### Information supplied
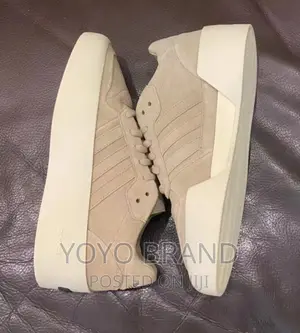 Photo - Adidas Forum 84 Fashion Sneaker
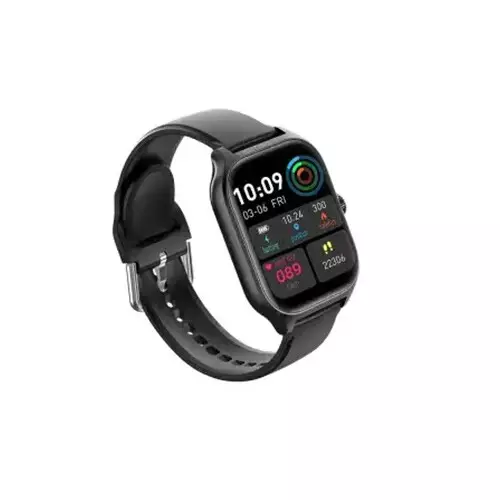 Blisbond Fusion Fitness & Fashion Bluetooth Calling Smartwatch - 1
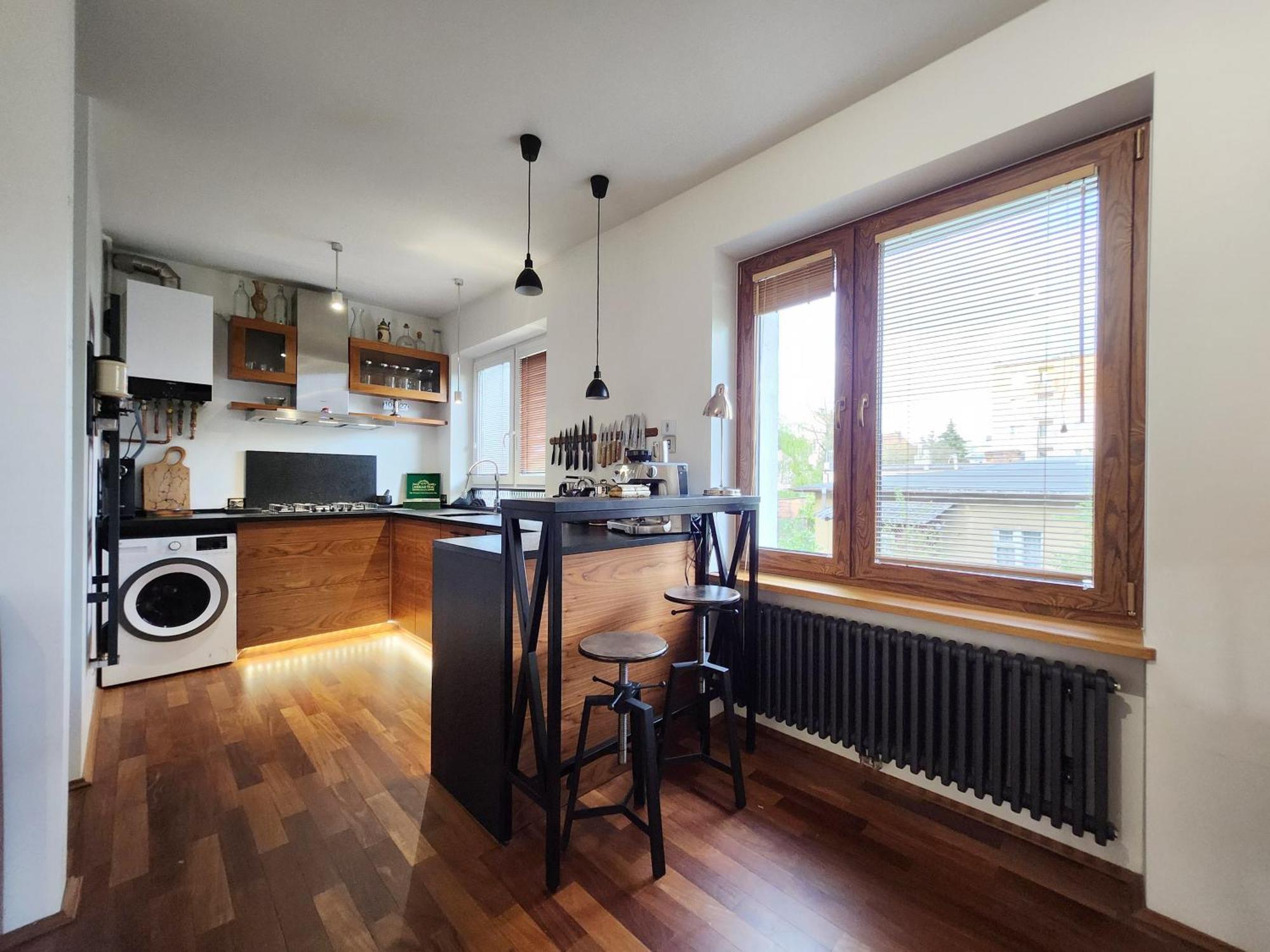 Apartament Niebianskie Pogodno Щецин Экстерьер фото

### What you should do
Produce a word-for-word version of the material, with no pictures included.

### Output for this task
 Photo - Adidas Forum 84 Fashion Sneaker
 Blisbond Fusion Fitness & Fashion Bluetooth Calling Smartwatch - 1
 Apartament Niebianskie Pogodno Щецин Экстерьер фото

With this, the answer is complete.